England emerged comfortable 31-12 winners against Argentina at a subdued Twickenham, but another patchy performance in the QBE Internationals posed as many questions as answers.
Tries from Joe Launchbury, Billy Twelvetrees and Chris Ashton helped establish a 24-6 interval lead and when they appeared for the second half a landslide victory beckoned.
The energy drained from their game, however, as their previously dominant pack were met on equal terms by resurgent Argentina and their backline shuffled pointlessly across the pitch, bereft of ideas.
A late try from substitute Ben Morgan pulled them clear, ending a Pumas fightback founded on the place kicking of fly-half Nicolas Sanchez.
Owen Farrell finished with 11 points after landing a penalty and converting all four of England's tries as the team posted their ninth win in 10 matches and their sixth successive victory at Twickenham.
It is an admirable run of results, but this was not the warm-up head coach Stuart Lancaster was seeking ahead of New Zealand's visit next Saturday in the climax to the autumn.
Several of the players who were muted in the 20-13 victory over Australia were more conspicuous, inside centre Twelvetrees and scrum-half Lee Dickson among them, at least in the first half.
But even they faded alongside their team-mates as England lost their way alarmingly as the match deteriorated into a drab spectacle, spoiling memories of the early glut of tries.
Among those to hold their head high was hooker Dylan Hartley, who was superb throughout, carrying the fight to Argentina and deservedly finishing man of the match.

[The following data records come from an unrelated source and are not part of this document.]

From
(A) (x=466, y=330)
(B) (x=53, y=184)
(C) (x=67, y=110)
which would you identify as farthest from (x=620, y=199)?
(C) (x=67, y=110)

There was no lack of ambition from England, a fact apparent early on as once Farrell and Sanchez had exchanged penalties, the Saracens fly-half found touch instead of taking a shot at goal.
The bold move continued a promising spell as England's confidence grew and from the ensuing line-out they were held up over the line.
Referee Pascal Gauzere gave them a second stab at the whitewash, however, and this time once Hartley had found Courtney Lawes, they drove over with Launchbury touching down.
Argentina gained a foothold at the scrum, winning a penalty against David Wilson that long-range specialist Marcelo Bosch sent between the uprights with a gigantic kick.
Ashton harmed his chances of being retained against New Zealand after failing to complete a simple finish once a pass from full-back Mike Brown left him with only Lucas Gonzalez Amorosino to beat.
But England would not be thwarted in the 22nd minute and Ashton played a role, scooping up a loose ball during a backs move and feeding Twelvetrees.
Twelvetrees had Brown in space outside him but used his strength to power over, breaking three tackles, and Farrell converted.
There was no respite for Argentina as ruthless England ran in a third try with Ashton the scorer.
Chris Robshaw and Hartley, who repeatedly carried the ball into the heart of the Pumas defence, made yards and in an instant the ball was switched right with Farrell sending Ashton over.
Loosehead prop Alex Corbisiero appeared for the second half, replacing Joe Marler, but it was Argentina who started brighter after the interval.
Even with British and Irish Lions hero Corbisiero on the pitch their scrum remained on top, winning a penalty that Sanchez dispatched.
England needed to meet the Pumas' revival head on and they did just that with Robshaw, Farrell and Courtney Lawes flattening opponents with big tackles.
When they eventually took possession, the accuracy that decorated their play in the first half had vanished with Twelvetrees among those no longer so composed on the ball.
The next score was supplied by Sanchez, cutting the deficit to 24-12 as England continued to lose their way in the third quarter.
Argentina were now the dominant force as England continued to stumble aimlessly through the second half.
Sanchez missed a penalty, but the Pumas remained in possession with Benjamin Macome almost wriggling through a gap.
They were caught off guard with four minutes to go, however, as substitute Morgan capitalised on some poor tackling after a line-out to storm over.